Task requirements —
After locating "Dendrocnide meyeniana", return its line and all lines that follow through the end of the listing below, exactly; leave out pictures.

Dataset excerpt —
================

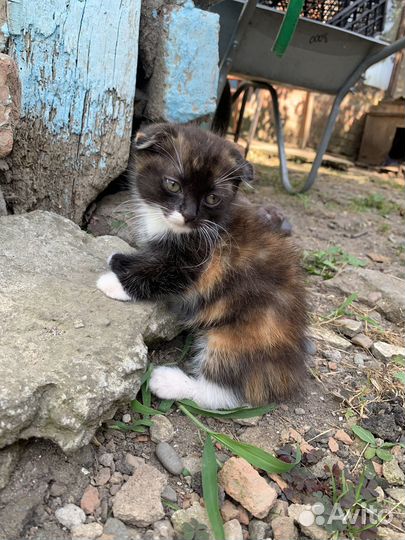 Отдам в добрые руки котят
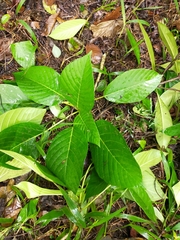 Dendrocnide meyeniana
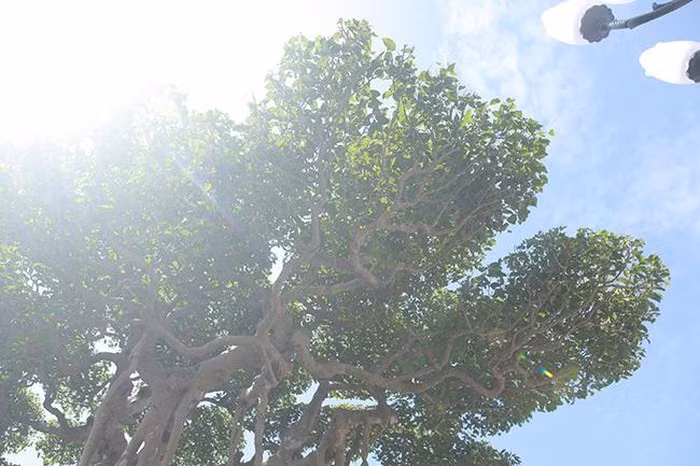 Bông, răm, chi rất đều nhau thể hiện tay nghề cao của những nghệ nhân xưa.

================

Exercise answer —
 Dendrocnide meyeniana
 Bông, răm, chi rất đều nhau thể hiện tay nghề cao của những nghệ nhân xưa.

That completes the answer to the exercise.